- [WORK REQUIRED]:
Although the data below holds other lines too, output only those from the line with "Stag canvas print" up to and including the line with "Стул Stool Group", exactly as they appear.

- [RECORDS SHOWN]:
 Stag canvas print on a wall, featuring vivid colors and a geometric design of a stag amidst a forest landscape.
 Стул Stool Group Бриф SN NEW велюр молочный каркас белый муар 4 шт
==
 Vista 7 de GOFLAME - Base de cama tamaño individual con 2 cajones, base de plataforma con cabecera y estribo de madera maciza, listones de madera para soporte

- [OUTPUT FOR THIS TASK]:
 Stag canvas print on a wall, featuring vivid colors and a geometric design of a stag amidst a forest landscape.
 Стул Stool Group Бриф SN NEW велюр молочный каркас белый муар 4 шт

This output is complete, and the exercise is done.